Santa's old, now culturally-deprived exit up the highway still bears his name. Imagine the road-weary family travelling up the 101 freeway, nothing to look at but the picture-perfect ocean outside their windows, the enormous pelicans flying gracefully overhead, the sunlight glinting off the crashing waves, perhaps a dolphin or two dipping in and out of the water. It's all over-wrought monotony, the loop recording that IS nature. (And, by the way, all available for $12.00 on a Planet Earth DVD which you can watch from your own couch while enjoying a fine Pop-Tart.) Then! the bright green sign appears! "Santa Claus Lane 1 mile." Oh! There is joy in the car! "Daddy!" Little Susie cries out from the back seat. "You're the best!" The mother looks approvingly at her husband and her son, whose nose is pressed eagerly against the glass. Now imagine the shock, the horror, the therapy bills when they turn on Santa Claus Lane and There Is No Santa Claus.

Sorry, to all you up near Santa Barbara who ache to have Santa returned to you. He's ours now and there's no give-backs. Find yourself another giant mythical figure in concrete. I hear the Easter Bunny is available, but is demanding a 20 year contract and ear-whitening every six months.

Municipal planners everywhere, start planning for those giant concrete statues that will surely start popping up as people around the country look up and realize just how bereft their city is without a giant peacock or nine-foot cowboy hat. Those who live near our fair town, Santa salutes you each and every time you drive by. Return the favor and salute him with the vigor and enthusiasm he so richly deserves. (Note: Please do this all year long, not just in December when you are trying to butter him up! He's smart. He knows exactly what you are doing.)
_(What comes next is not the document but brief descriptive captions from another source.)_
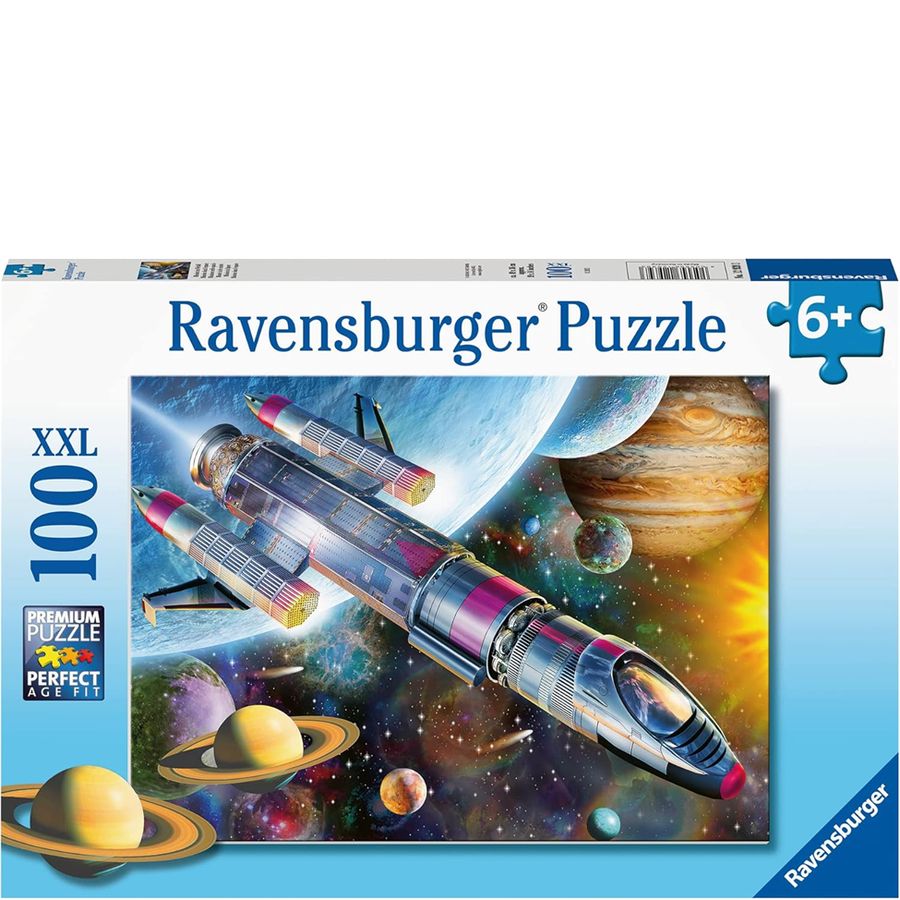 Ravensburger puzzle box with space-themed design featuring a spaceship and planets.
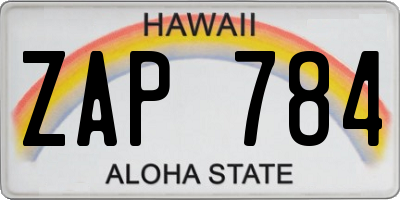 HI license plate ZAP784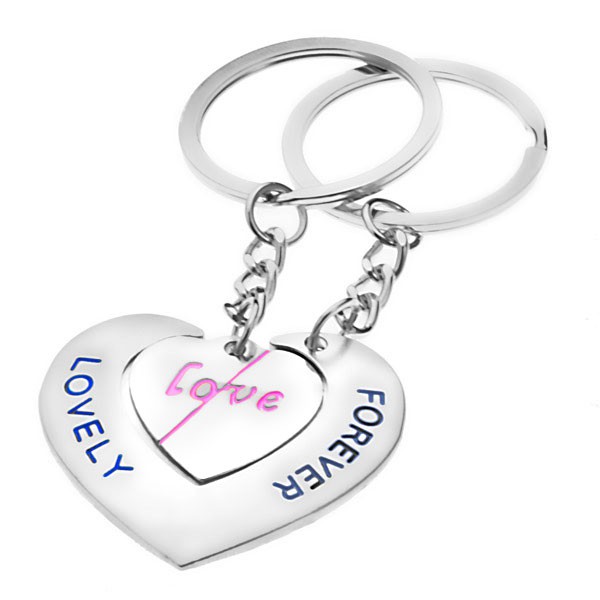 Přívěsky na klíče pro zamilované - srdce s nápisy LOVE a LOVELY FOREVER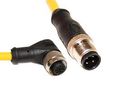 M12 CORDSET, 4-POS MALE STRAIGHT-FEMALE RIGHT ANGLE, 22 AWG, 2M 68AK2084 C4AD10M002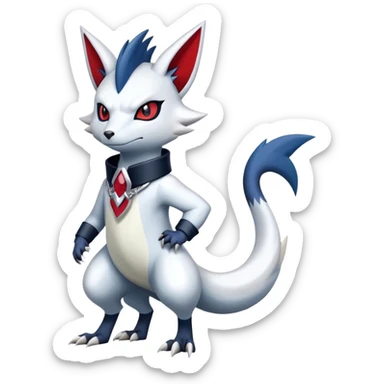 Cool Edgy Nargacuga-Absol-Zangoose-Sneasel-Quilava with a collar on, full body sticker
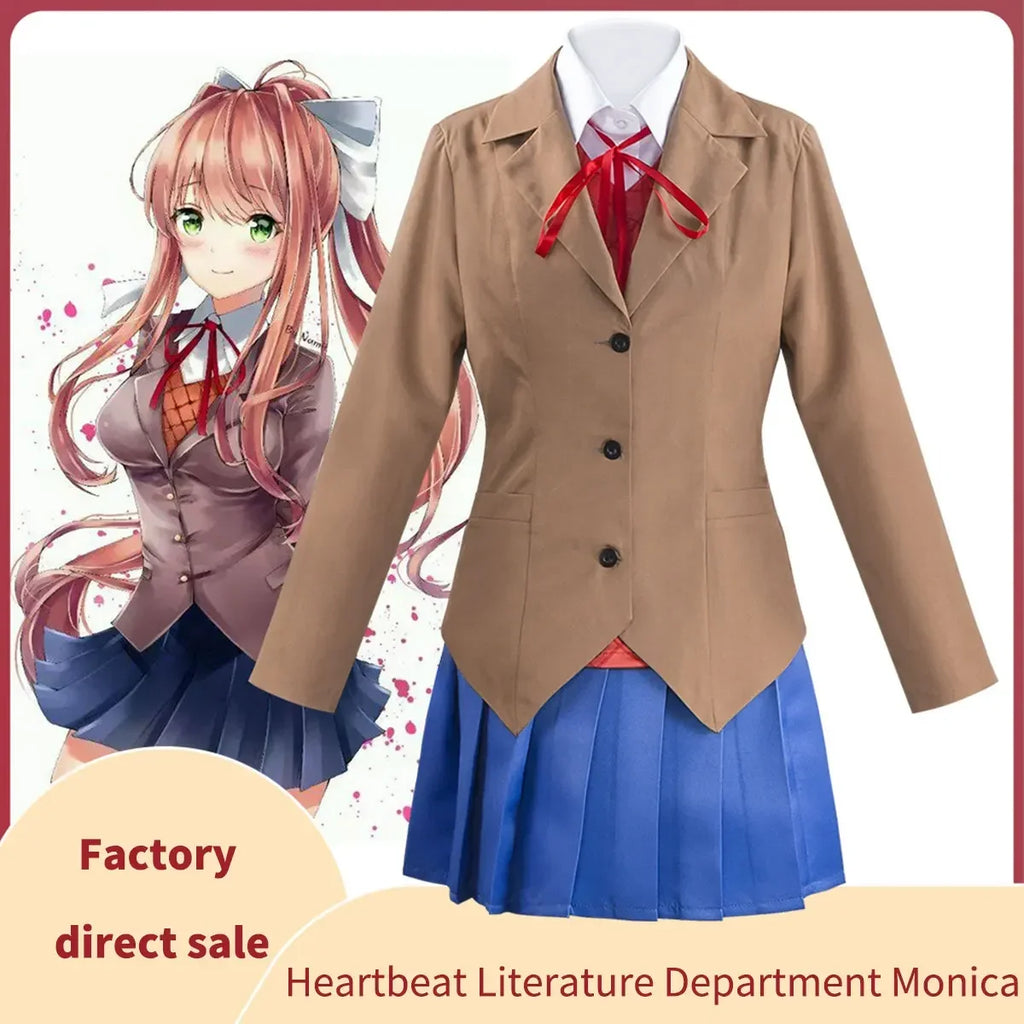 Anime Doki Doki Literature Club Monika Cosplay Costumes Sayori Yuri Natsuki Halloween Costumes for… – vue 4 | BubuKawaii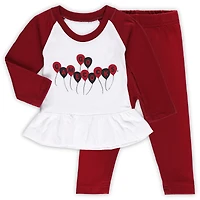 Girls Infant Wes & Willy Garnet/White South Carolina Gamecocks Balloon Raglan 3/4-Sleeve T-Shirt Leggings Set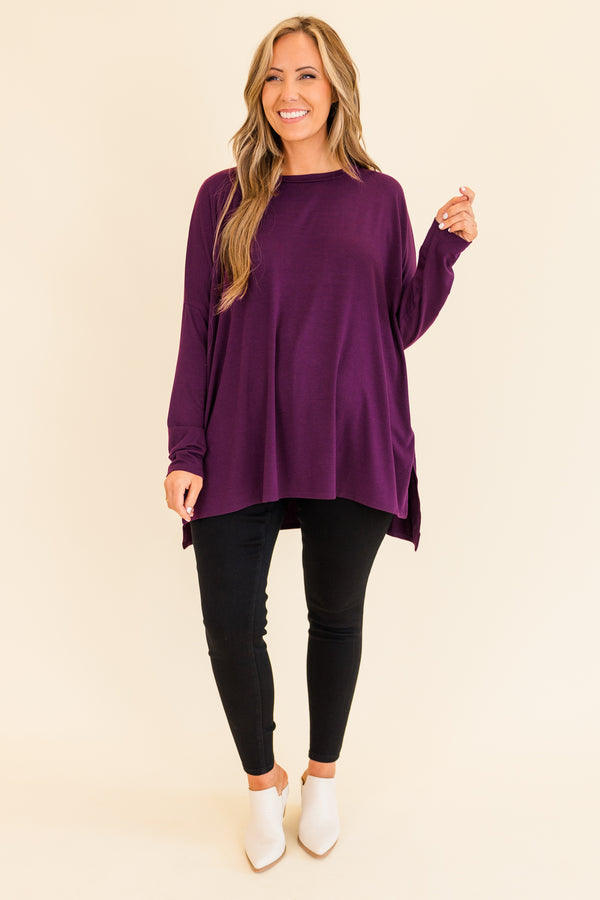 Chic Soul plus size clothing, flowy long-sleeve dark plum top with cut out on side and scoop-neckline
Betty Salutes Her Readers Too! Do you have a favorite giant character? Tell me about it!

Friday, November 28, 2008

A Hero's Tale: Betty Fights Through Her Illness To Shop For Thanksgiving

It's the day after Thanksgiving, that most merciful of days. I, for one, am glad Thanksgiving is over. Yes, it's a delightful holiday in which we reflect upon our blessings and give thanks for all we have, but, it's just a snoot-full of work too, starting with the grocery shopping. As you all know, I was sick, sick, sick before Thanksgiving. However, I was determined not to miss work and I knew that Husband Of Betty (hereafter referred to as HOB) was busy, busy, busy with his job so I decided to go for the holiday groceries early on Wednesday morning before I went to work. I told HOB the plan and bid him a fond adieu, assuming I would not be back before he went to work.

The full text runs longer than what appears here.